Work to complete:
The data must be transcribed exactly, with no line missing.

******************************

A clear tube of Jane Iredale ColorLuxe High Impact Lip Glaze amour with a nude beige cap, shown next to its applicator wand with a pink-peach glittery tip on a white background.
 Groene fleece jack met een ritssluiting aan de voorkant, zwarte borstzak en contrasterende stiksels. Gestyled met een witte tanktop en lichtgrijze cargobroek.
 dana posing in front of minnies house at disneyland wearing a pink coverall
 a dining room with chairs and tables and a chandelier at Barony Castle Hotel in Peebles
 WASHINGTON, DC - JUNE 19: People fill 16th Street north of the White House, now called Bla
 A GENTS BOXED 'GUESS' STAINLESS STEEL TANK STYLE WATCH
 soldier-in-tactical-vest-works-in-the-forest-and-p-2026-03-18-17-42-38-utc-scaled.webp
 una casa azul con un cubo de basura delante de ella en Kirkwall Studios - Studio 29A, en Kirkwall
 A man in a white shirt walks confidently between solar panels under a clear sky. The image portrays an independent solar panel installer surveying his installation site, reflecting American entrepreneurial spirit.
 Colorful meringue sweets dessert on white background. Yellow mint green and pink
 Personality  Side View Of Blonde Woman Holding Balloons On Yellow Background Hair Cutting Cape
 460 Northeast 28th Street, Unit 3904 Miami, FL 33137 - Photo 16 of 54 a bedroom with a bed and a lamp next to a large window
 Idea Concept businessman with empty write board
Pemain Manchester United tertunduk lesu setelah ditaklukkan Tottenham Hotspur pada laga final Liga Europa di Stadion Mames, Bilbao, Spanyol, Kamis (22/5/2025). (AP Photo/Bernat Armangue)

******************************

Response area:
A clear tube of Jane Iredale ColorLuxe High Impact Lip Glaze amour with a nude beige cap, shown next to its applicator wand with a pink-peach glittery tip on a white background.
 Groene fleece jack met een ritssluiting aan de voorkant, zwarte borstzak en contrasterende stiksels. Gestyled met een witte tanktop en lichtgrijze cargobroek.
 dana posing in front of minnies house at disneyland wearing a pink coverall
 a dining room with chairs and tables and a chandelier at Barony Castle Hotel in Peebles
 WASHINGTON, DC - JUNE 19: People fill 16th Street north of the White House, now called Bla
 A GENTS BOXED 'GUESS' STAINLESS STEEL TANK STYLE WATCH
 soldier-in-tactical-vest-works-in-the-forest-and-p-2026-03-18-17-42-38-utc-scaled.webp
 una casa azul con un cubo de basura delante de ella en Kirkwall Studios - Studio 29A, en Kirkwall
 A man in a white shirt walks confidently between solar panels under a clear sky. The image portrays an independent solar panel installer surveying his installation site, reflecting American entrepreneurial spirit.
 Colorful meringue sweets dessert on white background. Yellow mint green and pink
 Personality  Side View Of Blonde Woman Holding Balloons On Yellow Background Hair Cutting Cape
 460 Northeast 28th Street, Unit 3904 Miami, FL 33137 - Photo 16 of 54 a bedroom with a bed and a lamp next to a large window
 Idea Concept businessman with empty write board
Pemain Manchester United tertunduk lesu setelah ditaklukkan Tottenham Hotspur pada laga final Liga Europa di Stadion Mames, Bilbao, Spanyol, Kamis (22/5/2025). (AP Photo/Bernat Armangue)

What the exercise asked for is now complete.